Still, in our many conversations, he expressed nothing but respect for Young, and never missed an opportunity to rave about Stills’ musicianship and skill at making great records. He had no time for Nash, though. The man who, from outside appearances, had stood by Crosby during his darkest times was barely worth mentioning.
“That’s because he comes from a different place, man,” Crosby said, bitterness in his rising voice. “He was in a pop band, so that’s really where his orientation is: to be a successful, important world pop star. I love that guy, but his book is where things went awry. It was a remarkably dishonest book. He made himself out to look fantastic, but whenever he needed … something wild to move the story forward, he used my stories. It wasn’t cool. It just wasn’t OK; and all that stuff is already known, anyway. But he did it from a different point of view, where he added everything to make him look terrific and me look bad.”
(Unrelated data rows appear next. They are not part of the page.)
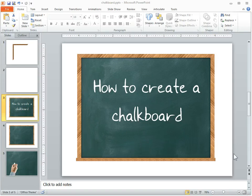Alright, so what we're going to look at now is how to quickly create a chalkboard graphic that you can use in your course.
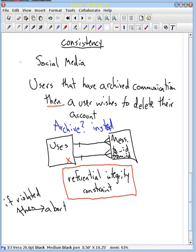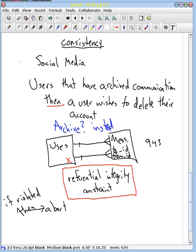Now there's a from ID that could be, say, user number 943, and user number 943 has been deleted. What happens if later on user ID number 943 gets recreated? Now the message will look like it's coming from a different user, which is even worse than not knowing the user.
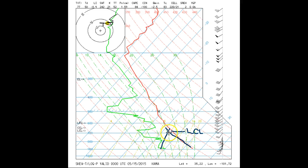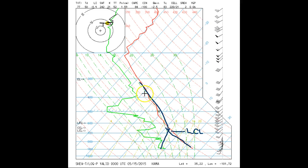Once the LCL has been reached and a cloud has formed, any further ascent will be in the cloud. The air parcel temperature will follow the moist adiabat, which is less than the dry adiabat because as water condenses, it gives up energy to warm the air a little bit.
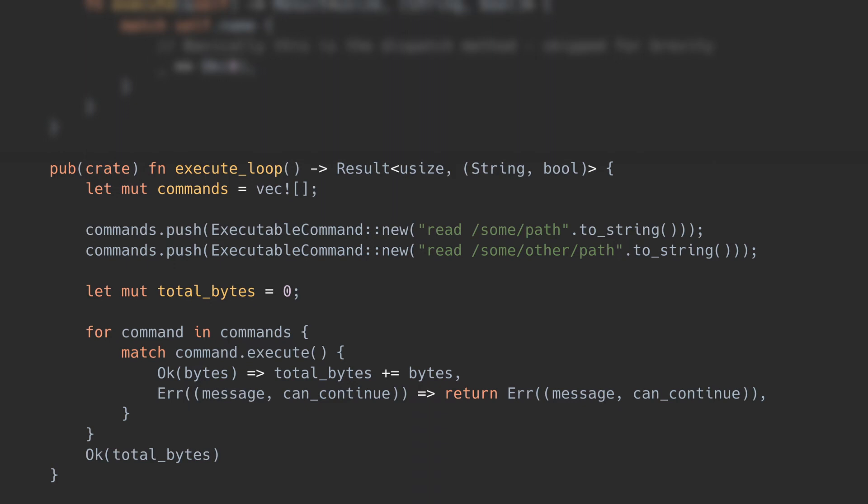This pattern appears practically every time we have a method returning result or option, and whenever you see such boilerplate code, it is automatic to make it into a macro. Naturally, Rust 1.0 bundled exactly such a macro, called try, that expanded to this match expression.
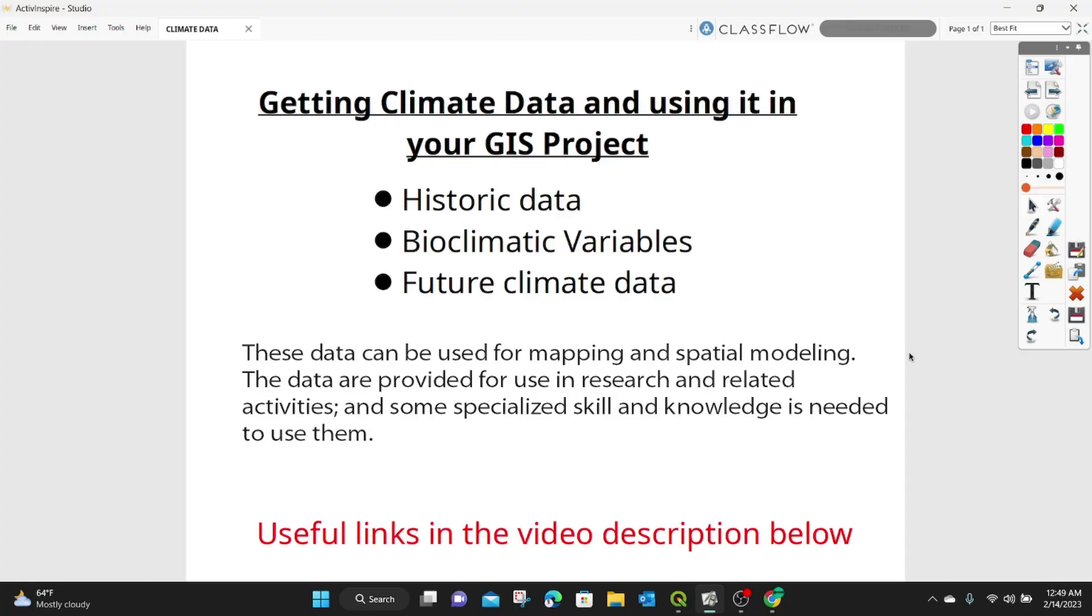Hi guys, it's been a while. Welcome to today's video tutorial. In today's lesson, we will learn how to download useful climatic data and use it in our GIS project.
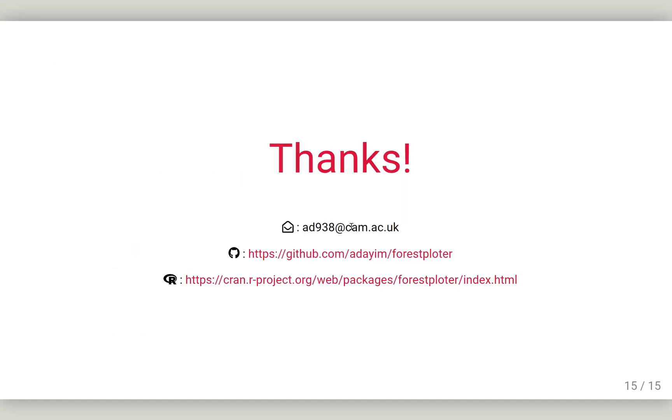Thank you everyone for listening. This is basically everything. If you have any questions, please send me an email or file an issue on GitHub. Any suggestions would be very welcome. Thank you very much.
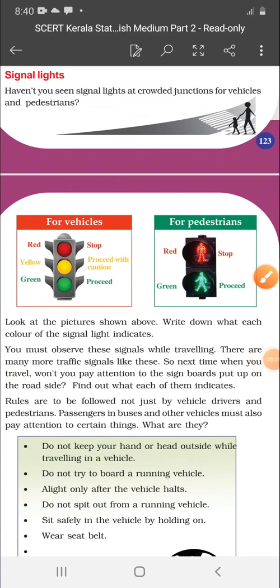Good morning students. In our previous class, we discussed about the traffic rules for pedestrians.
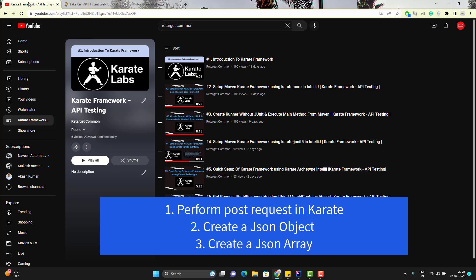Hello everyone, I am Odhi here from the target common YouTube channel and this video will be continuous into karate framework playlist.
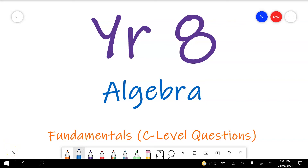This video covers the Year 8 Algebra Fundamentals Test Preview. These are the sort of questions you should expect at a C level. Time tags are included below for the question numbers for anyone following along on the test preview, and descriptions for anyone using this to help with particular issues in this topic.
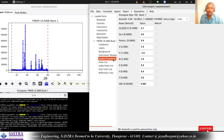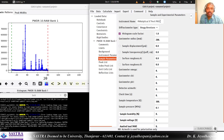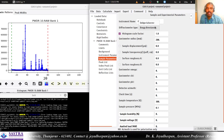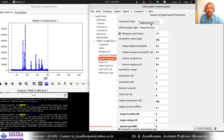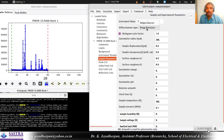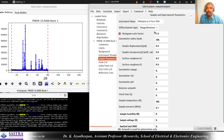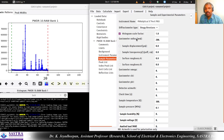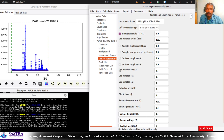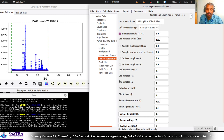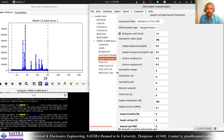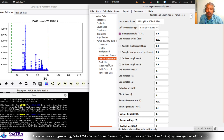Next go to Sample Parameters. Here ensure that the diffractometer type is not the Debye-Scherrer-Bragg-Brentano type, which is a commercial one. For semi-quantitative phase analysis we are not going to refine any of these parameters - those will be refined for Rietveld refinement itself. We don't need to bother about it now.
But, again, that was Crosby. He felt wronged, he had the receipts, and he wasn’t going to just let it go or say nothing. Whether on the record or off, he never missed a chance to rail against injustice. From Nash to the “greedy bastards” at Spotify to his ever-present punching bag Trump, I always knew where Croz—as anyone who knew him even a little bit called him—stood.
“‘I know I’m at the end of my life,’ he told me in 2021. ‘That’s where the rubber meets the road. How do you spend that time? You spend it waiting to die? No. You spend it making the most art you possibly can, because that’s your gig and that’s the one contribution you can make to the world. And the world fucking needs it.’”
“I know I’m at the end of my life,” he told me in 2021. “So you wind up looking at it, and you don’t know whether you got two weeks or 10 years. You really don’t. But you do know that what you do with the time is what counts. That’s where the rubber meets the road. How do you spend that time? You spend it waiting to die? No. You spend it making the most art you possibly can, because that’s your gig and that’s the one contribution you can make to the world. And the world fucking needs it. It’s a grim fucking place. It needs a lift, and music is a lifting force, man. It makes things better. So whatever time I’ve got, I want to spend it making things better. I want to spend it making good art that will outlast me.”
And that he did.
“Crosby was a colorful and unpredictable character, wore a Mandrake the Magician cape, didn’t get along with too many people and had a beautiful voice—an architect of harmony,” Dylan wrote about Crosby in his 2004 book Chronicles: Volume One. “He could freak out a whole city block all by himself. I liked him a lot.”
I did, too. Rest easy, David. Fly high.